▶ _Task goal_:
For every record below, repeat the text exactly and pass over any image.

▶ _Short web captions_:
______________________________
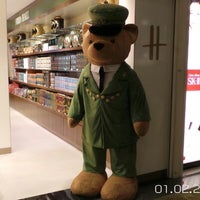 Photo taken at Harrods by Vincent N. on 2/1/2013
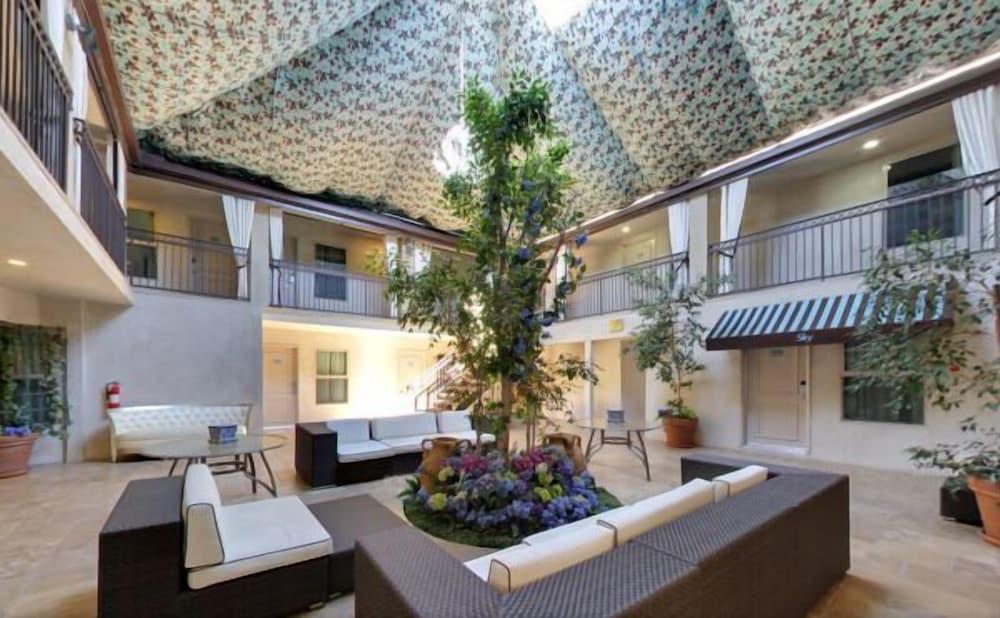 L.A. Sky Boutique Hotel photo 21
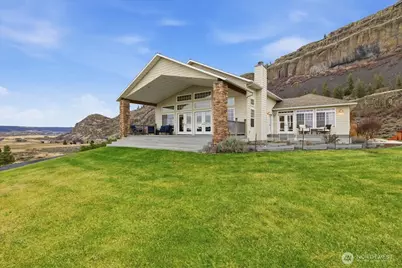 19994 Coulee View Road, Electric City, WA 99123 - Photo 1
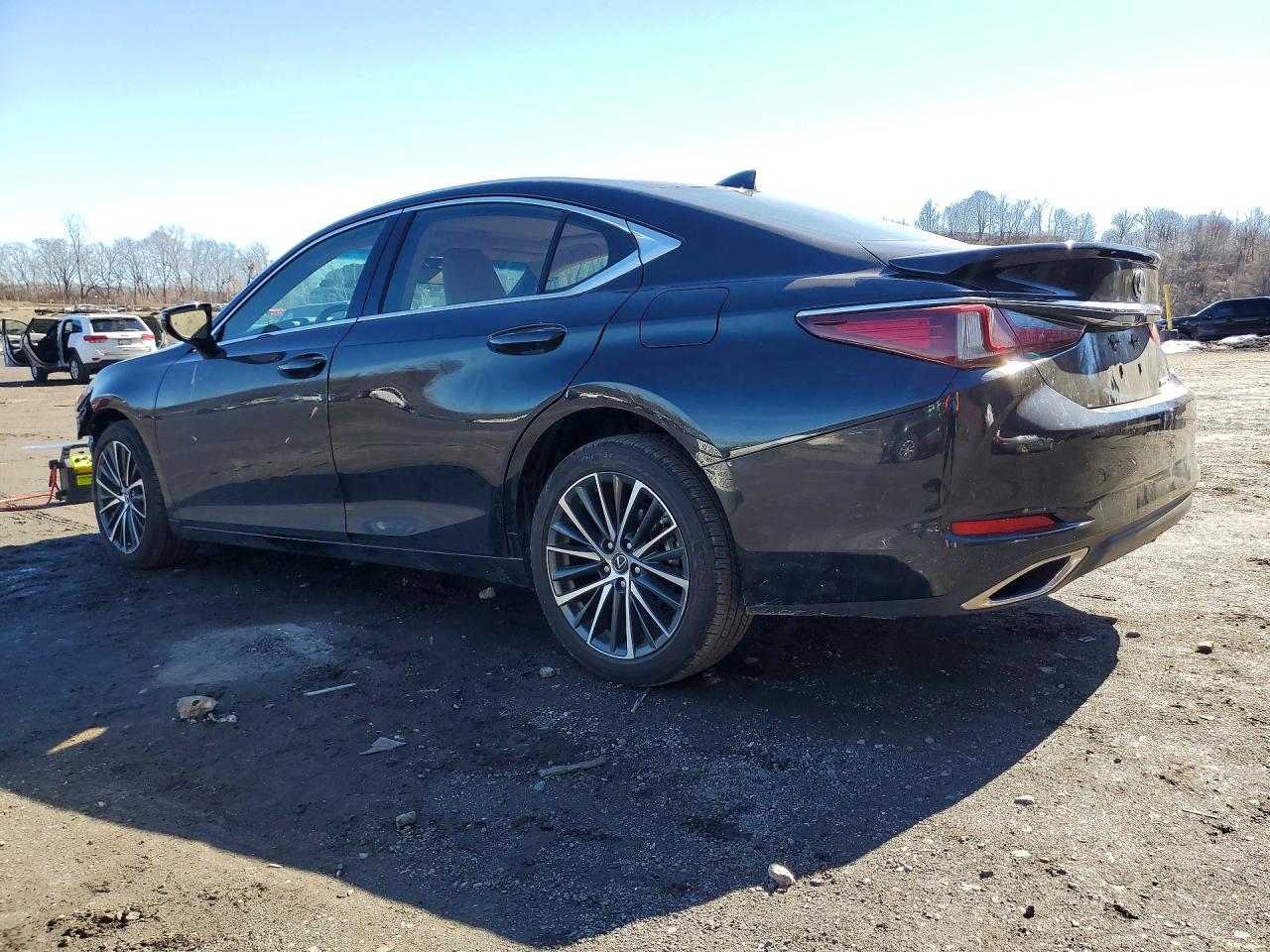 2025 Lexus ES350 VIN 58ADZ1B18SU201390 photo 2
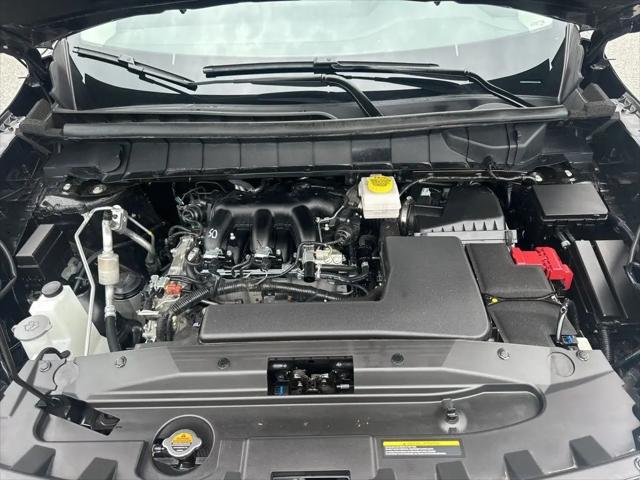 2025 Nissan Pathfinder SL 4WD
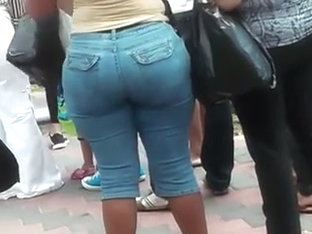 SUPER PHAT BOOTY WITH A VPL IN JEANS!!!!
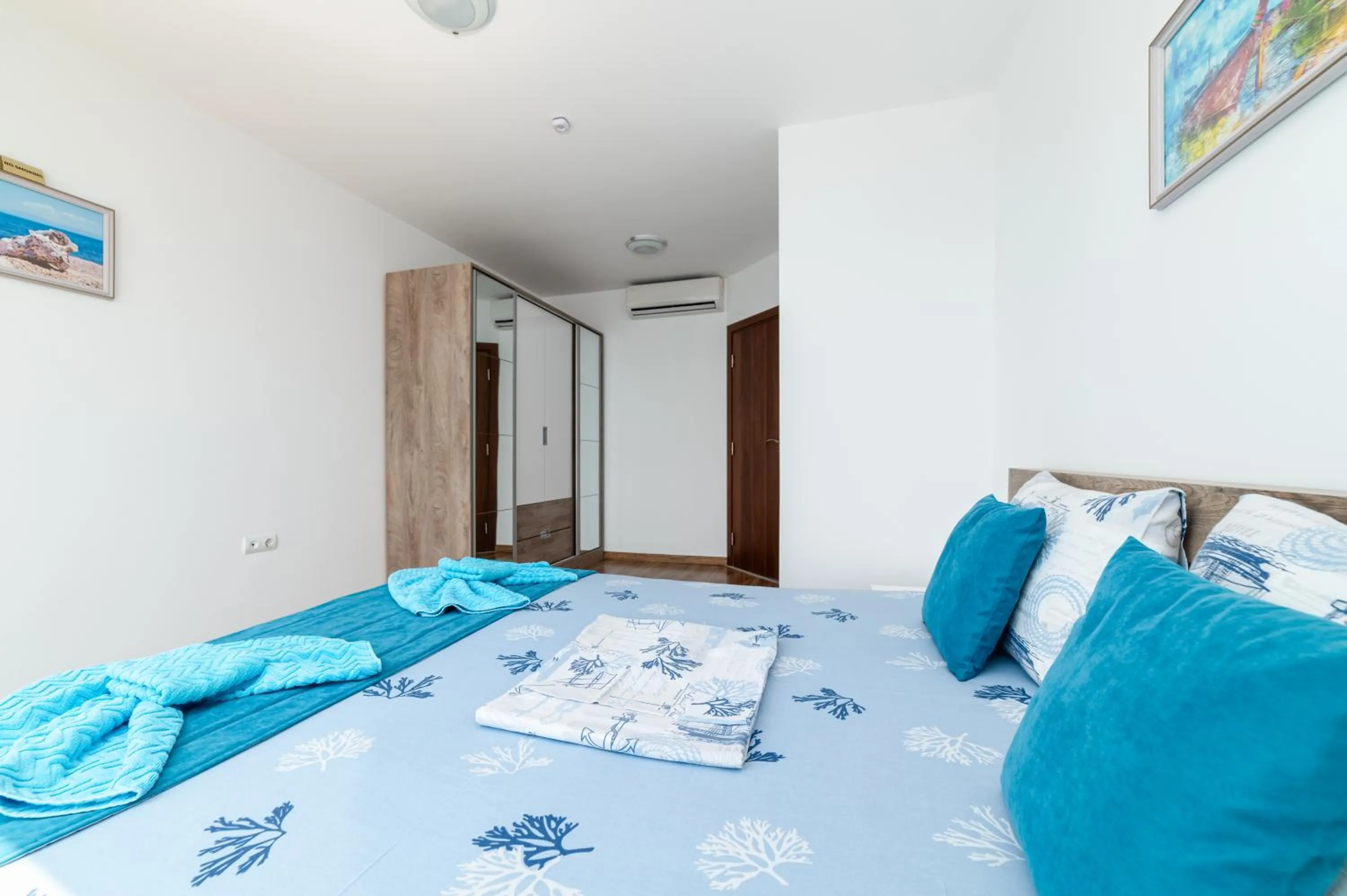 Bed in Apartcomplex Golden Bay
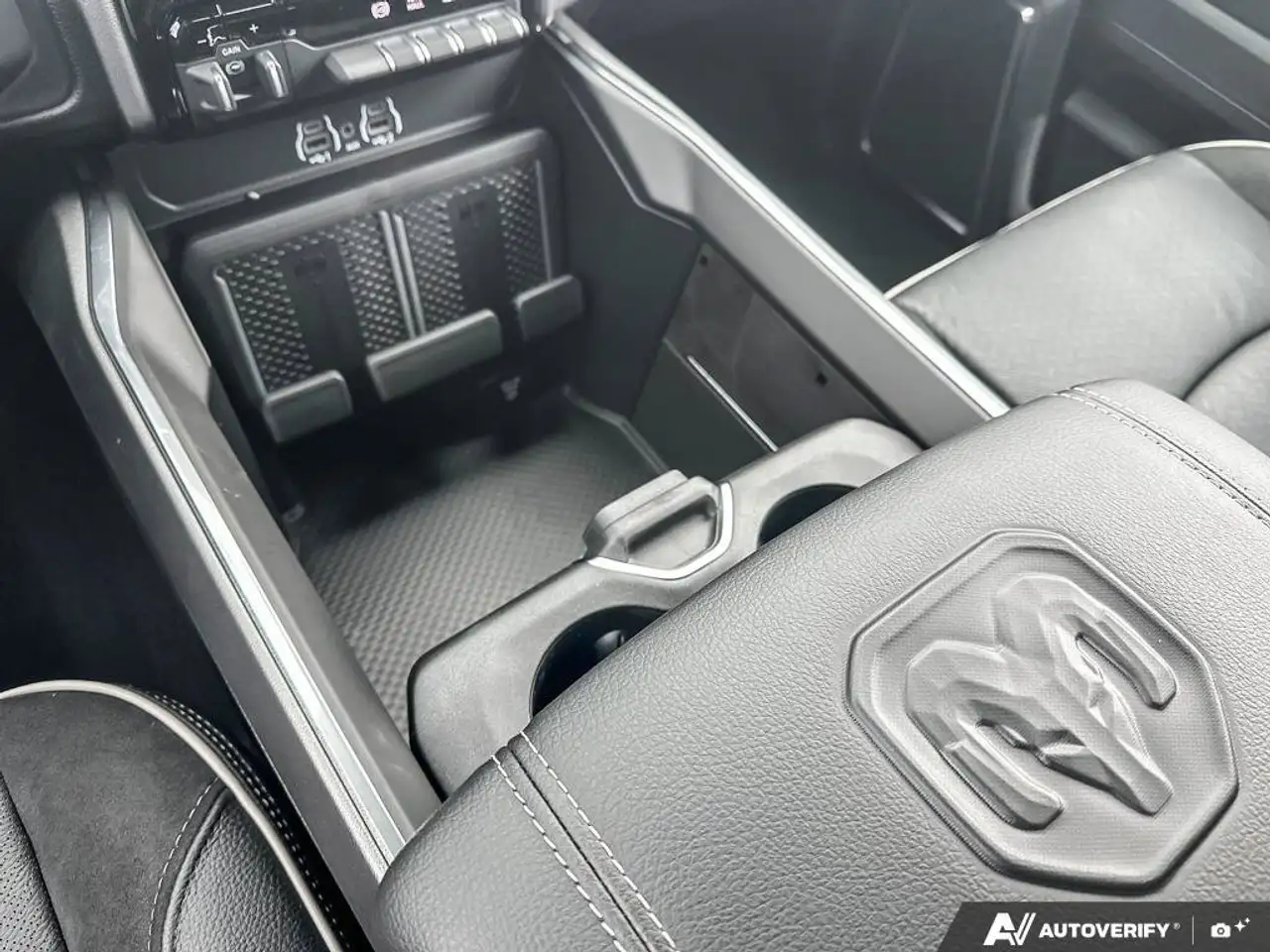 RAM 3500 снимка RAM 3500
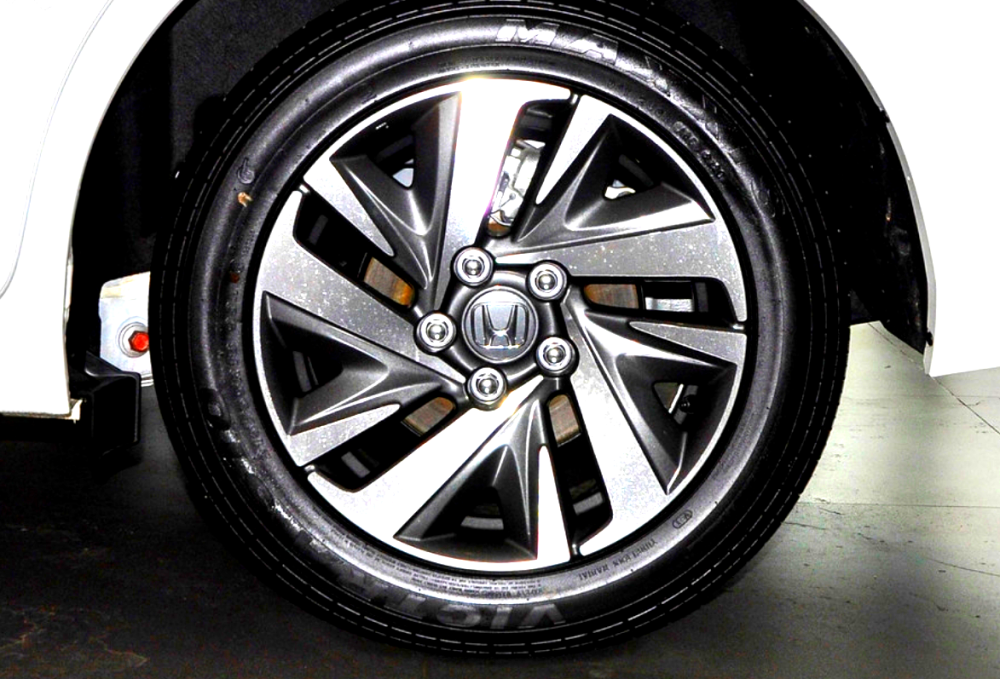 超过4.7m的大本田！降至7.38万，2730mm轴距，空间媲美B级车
______________________________
▶ _Exercise answer_:
 Photo taken at Harrods by Vincent N. on 2/1/2013
 L.A. Sky Boutique Hotel photo 21
 19994 Coulee View Road, Electric City, WA 99123 - Photo 1
 2025 Lexus ES350 VIN 58ADZ1B18SU201390 photo 2
 2025 Nissan Pathfinder SL 4WD
 SUPER PHAT BOOTY WITH A VPL IN JEANS!!!!
 Bed in Apartcomplex Golden Bay
 RAM 3500 снимка RAM 3500
 超过4.7m的大本田！降至7.38万，2730mm轴距，空间媲美B级车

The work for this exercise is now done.